Brief descriptive captions
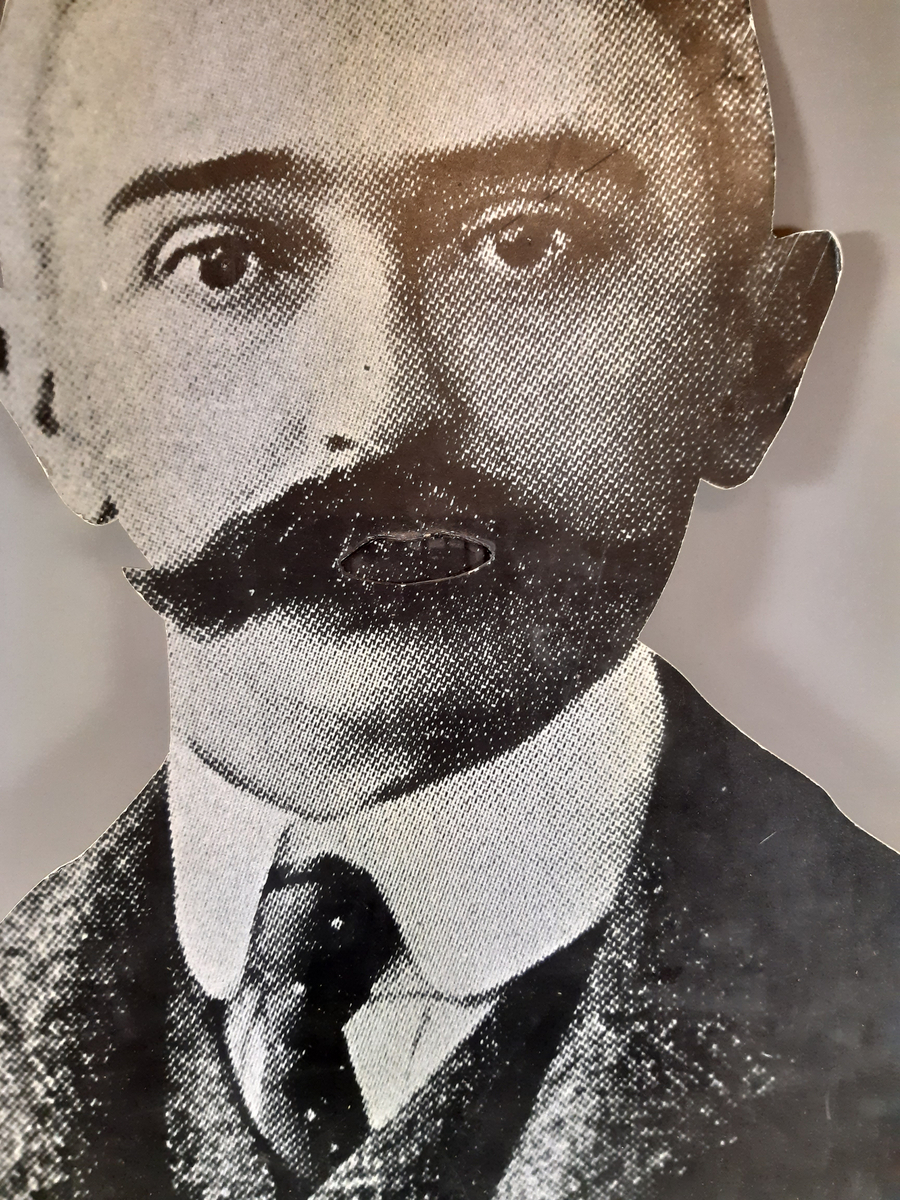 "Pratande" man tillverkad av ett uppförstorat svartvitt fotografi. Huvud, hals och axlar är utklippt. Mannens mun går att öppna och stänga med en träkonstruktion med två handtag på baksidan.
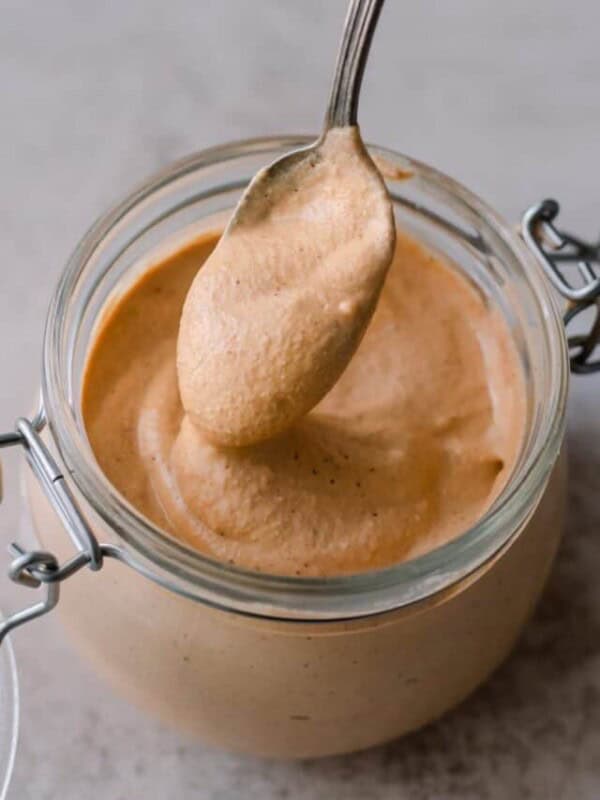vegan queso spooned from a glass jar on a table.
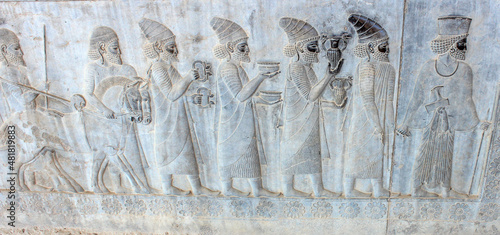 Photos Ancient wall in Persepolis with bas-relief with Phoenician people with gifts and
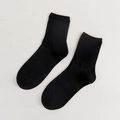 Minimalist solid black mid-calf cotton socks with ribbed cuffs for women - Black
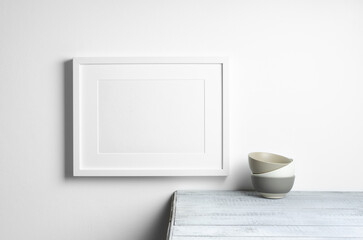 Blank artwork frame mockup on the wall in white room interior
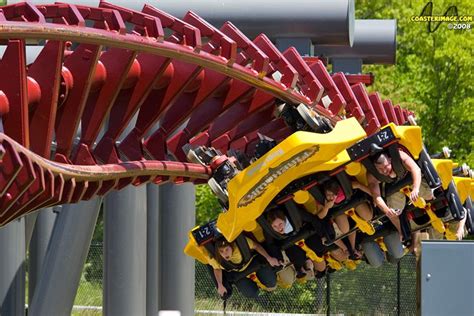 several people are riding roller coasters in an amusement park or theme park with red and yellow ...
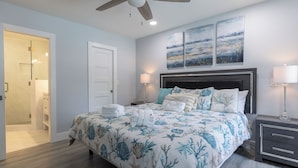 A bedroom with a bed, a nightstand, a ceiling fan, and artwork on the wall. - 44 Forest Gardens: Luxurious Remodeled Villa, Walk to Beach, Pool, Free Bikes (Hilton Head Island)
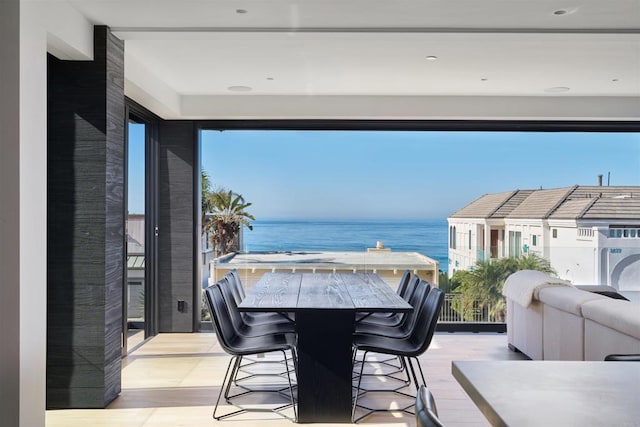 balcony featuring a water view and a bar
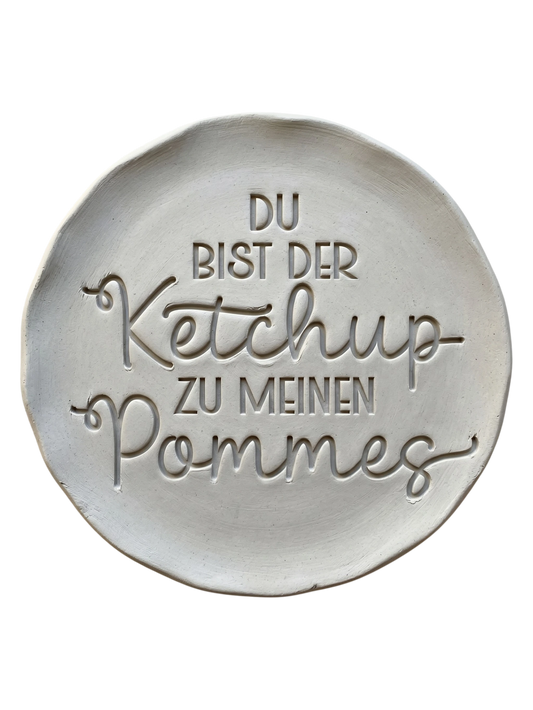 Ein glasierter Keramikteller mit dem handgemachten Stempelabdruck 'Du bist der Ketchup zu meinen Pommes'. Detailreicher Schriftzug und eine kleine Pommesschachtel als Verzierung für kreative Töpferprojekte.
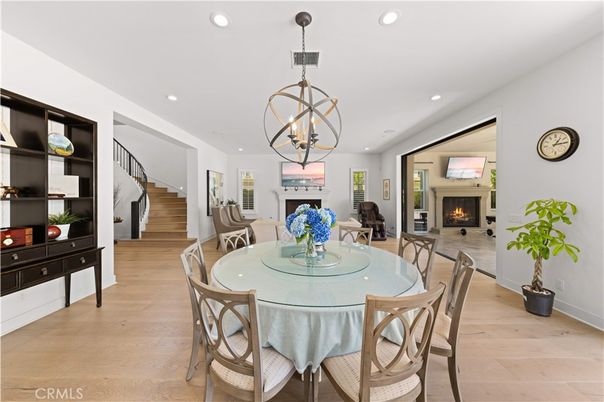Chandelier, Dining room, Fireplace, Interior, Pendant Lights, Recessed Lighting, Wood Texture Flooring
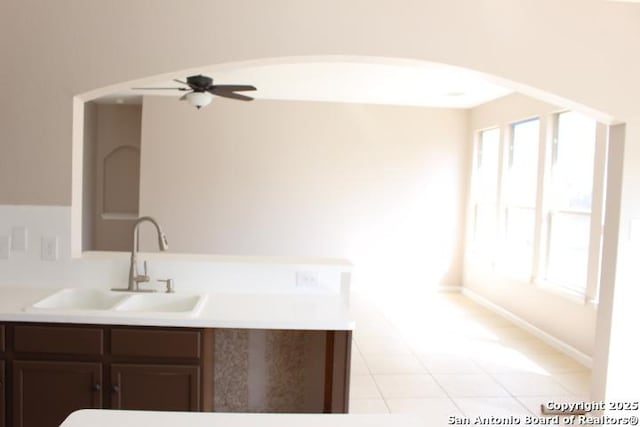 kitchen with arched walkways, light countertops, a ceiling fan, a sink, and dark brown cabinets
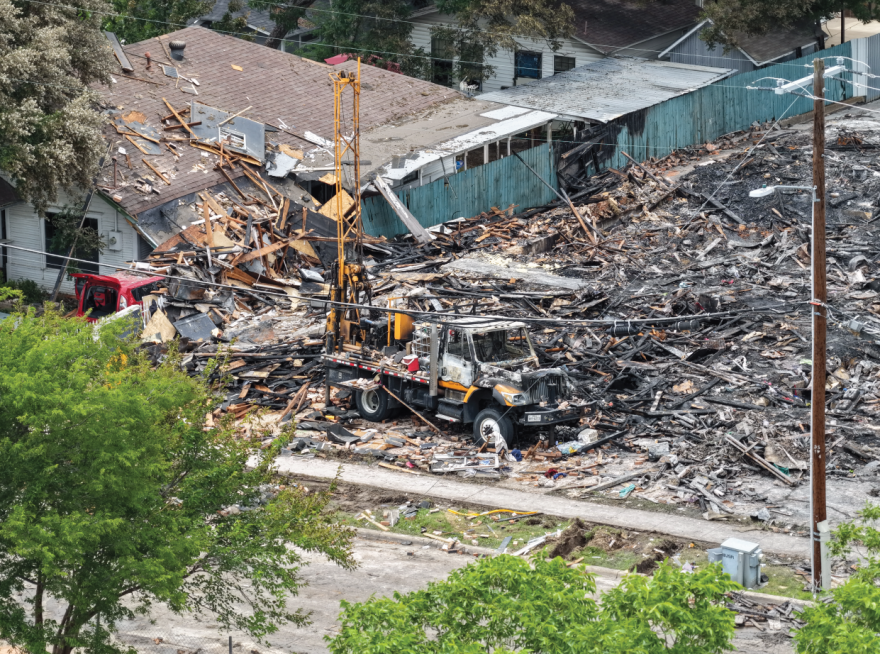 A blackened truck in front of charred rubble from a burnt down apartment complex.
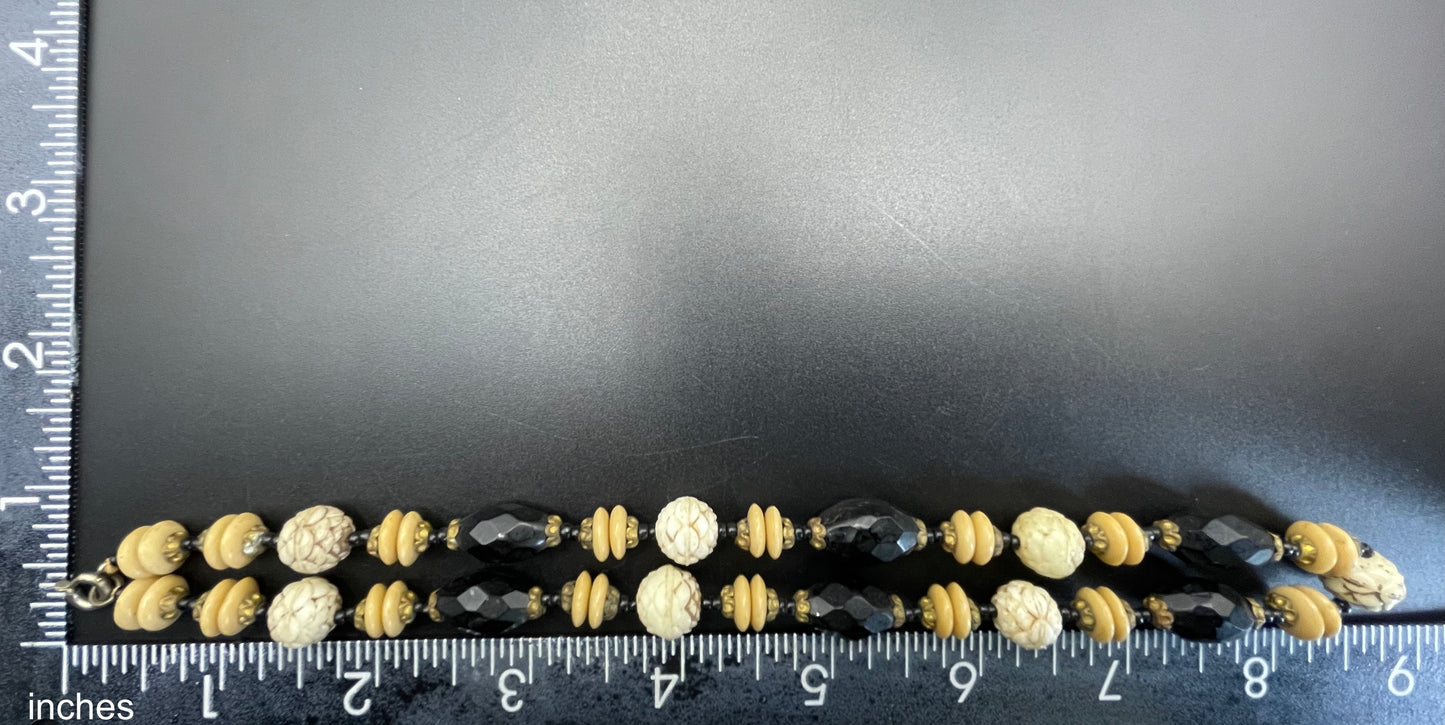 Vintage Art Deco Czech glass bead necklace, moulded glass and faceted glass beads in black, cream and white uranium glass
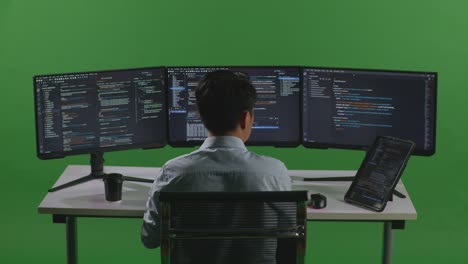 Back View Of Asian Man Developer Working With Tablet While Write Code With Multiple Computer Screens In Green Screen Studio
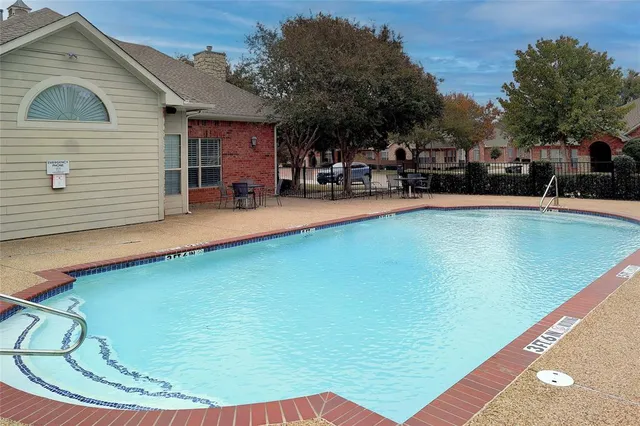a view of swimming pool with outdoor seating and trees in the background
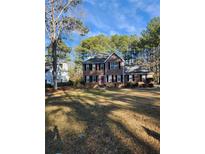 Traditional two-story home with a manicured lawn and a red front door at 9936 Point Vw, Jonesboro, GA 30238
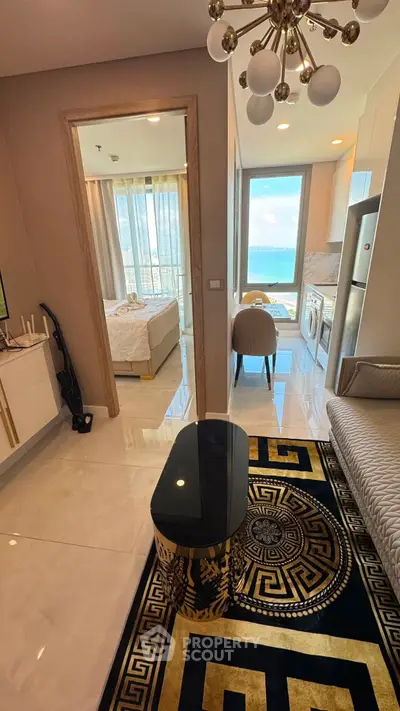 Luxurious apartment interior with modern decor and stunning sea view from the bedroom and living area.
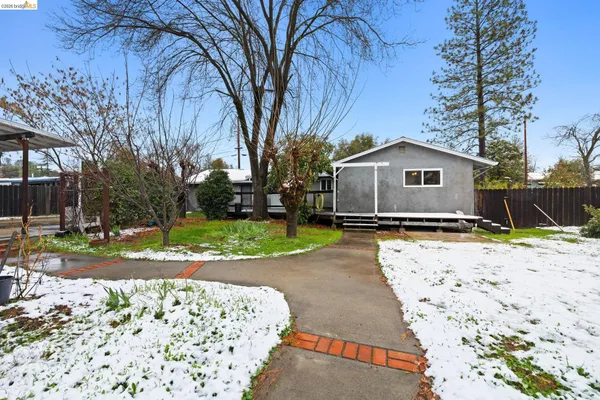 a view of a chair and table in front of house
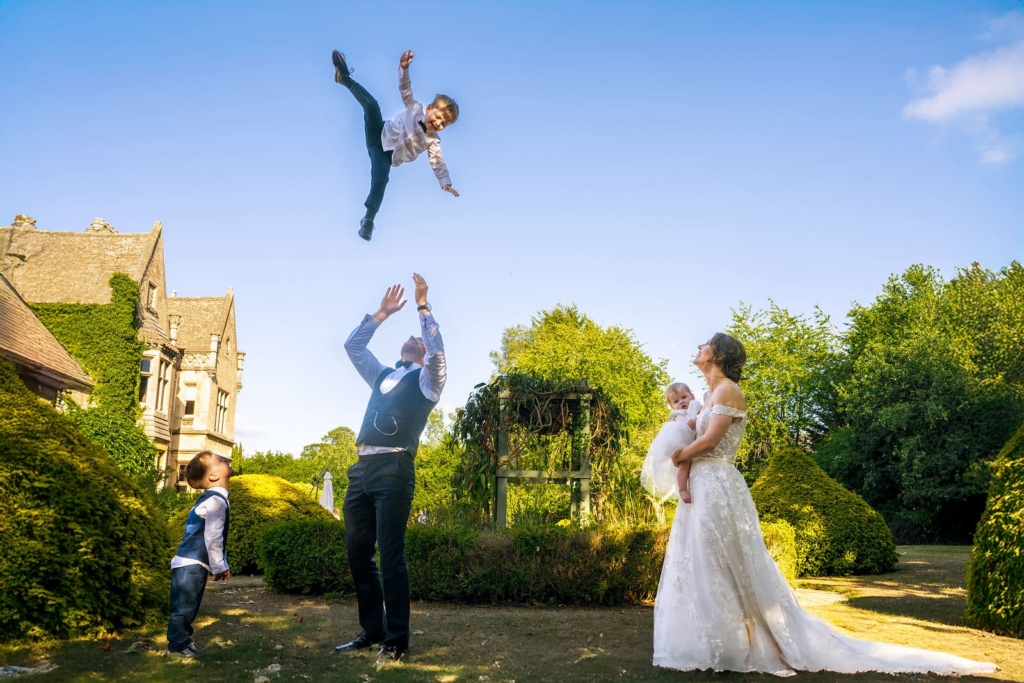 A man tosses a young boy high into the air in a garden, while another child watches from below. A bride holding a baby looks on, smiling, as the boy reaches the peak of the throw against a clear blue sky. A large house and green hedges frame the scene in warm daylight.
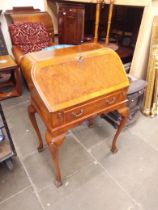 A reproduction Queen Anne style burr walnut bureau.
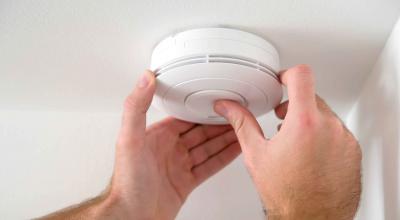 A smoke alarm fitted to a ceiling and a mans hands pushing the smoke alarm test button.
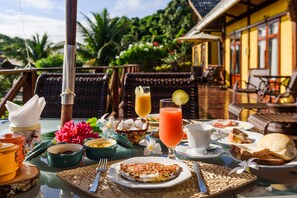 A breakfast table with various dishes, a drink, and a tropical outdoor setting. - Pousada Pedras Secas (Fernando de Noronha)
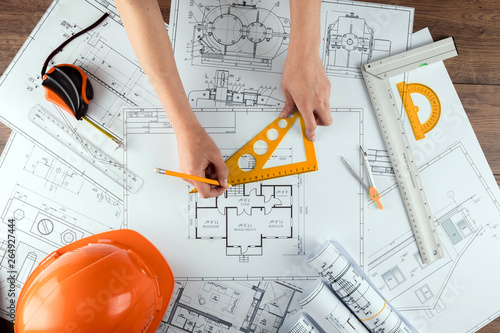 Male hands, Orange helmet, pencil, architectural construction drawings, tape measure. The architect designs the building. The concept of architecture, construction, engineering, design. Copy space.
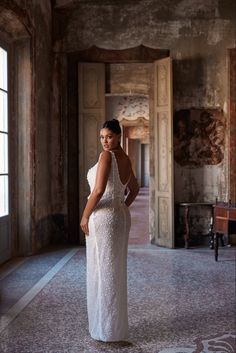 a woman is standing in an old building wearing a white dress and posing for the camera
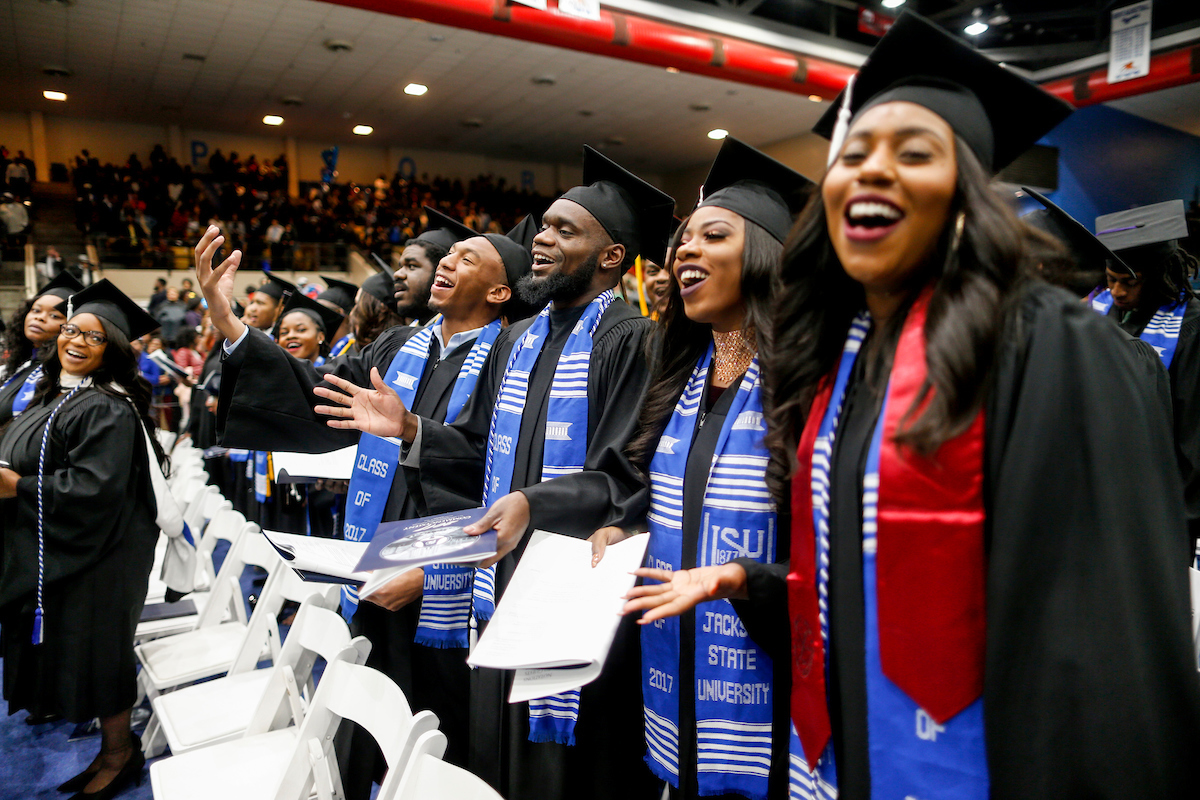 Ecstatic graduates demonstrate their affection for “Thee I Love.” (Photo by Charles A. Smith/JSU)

- **Exercise requirements**: Starting at the line that contains "kitchen with arched" and ending with the last line of the data, transcribe every line exactly; skip the pictures.

- **Problem solution**:
 kitchen with arched walkways, light countertops, a ceiling fan, a sink, and dark brown cabinets
 A blackened truck in front of charred rubble from a burnt down apartment complex.
 Vintage Art Deco Czech glass bead necklace, moulded glass and faceted glass beads in black, cream and white uranium glass
 Back View Of Asian Man Developer Working With Tablet While Write Code With Multiple Computer Screens In Green Screen Studio
a view of swimming pool with outdoor seating and trees in the background
 Traditional two-story home with a manicured lawn and a red front door at 9936 Point Vw, Jonesboro, GA 30238
 Luxurious apartment interior with modern decor and stunning sea view from the bedroom and living area.
 a view of a chair and table in front of house
 A man tosses a young boy high into the air in a garden, while another child watches from below. A bride holding a baby looks on, smiling, as the boy reaches the peak of the throw against a clear blue sky. A large house and green hedges frame the scene in warm daylight.
 A reproduction Queen Anne style burr walnut bureau.
 A smoke alarm fitted to a ceiling and a mans hands pushing the smoke alarm test button.
 A breakfast table with various dishes, a drink, and a tropical outdoor setting. - Pousada Pedras Secas (Fernando de Noronha)
 Male hands, Orange helmet, pencil, architectural construction drawings, tape measure. The architect designs the building. The concept of architecture, construction, engineering, design. Copy space.
 a woman is standing in an old building wearing a white dress and posing for the camera
 Ecstatic graduates demonstrate their affection for “Thee I Love.” (Photo by Charles A. Smith/JSU)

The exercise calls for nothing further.